Politics is consciousness. It always has been. The end of hereditary aristocracy, the struggles against racism and sexism, and for workers’ rights are all examples of a new, more expansive consciousness transforming the political landscape. And if we are to have a new politics, we must bring to it a new consciousness. We must expand our consciousness to enfold the entire planet in a vision of kinship, peace, sustainability, aesthetics and universal responsibility for even “the least among us”, not only the poor, but the animals, the plants and the earth itself.

Globalism, is indeed the overriding issue of the day, but not as it is being presented. The issue isn’t the globalization of the American capitalist-consumer economic system and whether this is a threat or boon to our own original model.
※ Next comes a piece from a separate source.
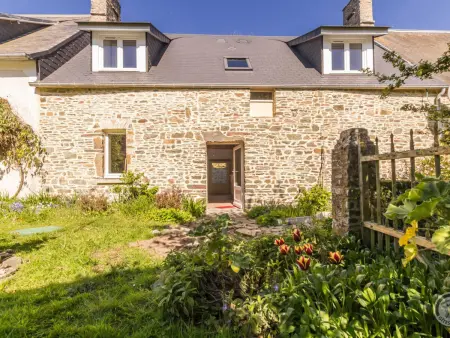 Maison paisible, cadre authentique - 6 pers., Gite 6 personnes à Bretteville sur Ay - Photo 4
The issue is the ramifications for the health of all humanity, including Americans, of continuing down a path that extols power and wealth, but that I am convinced has humanity, like lemmings, headed over a cliff.

We must enlarge our American vision from ours as the land of unbounded individual financial opportunity to one that enfolds every person in the basic dignities of peace, personal freedom, civil liberties, meaningful work, home, health, education, respect and caring within the bosom of a healthy, beautiful and sustaining environment. Our economy must refocus into meaningful jobs that support this vision and that shares its wealth with compassionate generosity, not concentrates it in the hands of the most ambitious, leaving far too many without dignity and security in their lives. The corporate/bureaucratic stranglehold on American life must be broken to avail more opportunities for small shop businesses where people have more individual choice and control. Careers in the arts, culture, small farming and human services must be made more viable.

America likes to think of itself as a very religious nation. Perhaps the religion of churches that preach exclusion, war, intolerance, “God wants you to be rich,” parading piety in the public forums and focusing on selective moral issues emanating from a culture dead two thousand years ought to give way to a fundamental spirituality that reminds us that, “You cannot serve God and mammon.” Jesus spoke of the blindness of personal greed and arrogance that seals a person, a nation, Humanity from its essential soul. I belong to no church. I am not a religious person. I am, however, a deeply spiritual one, and I pray that my nation may embrace spirituality in its secular doings, to become “a light of the world, a city set on a hill” that shows the way, not to a culture of unlimited personal riches and license, bankrupting the planet, but that will “let your light so shine before men that they may see your good works”. I pray that we may wake up from our gluttonous and greedy dream to lead the world into a new era that takes us to the 22nd Century as a healed, beautiful, creative and prospering planet, not a dying one.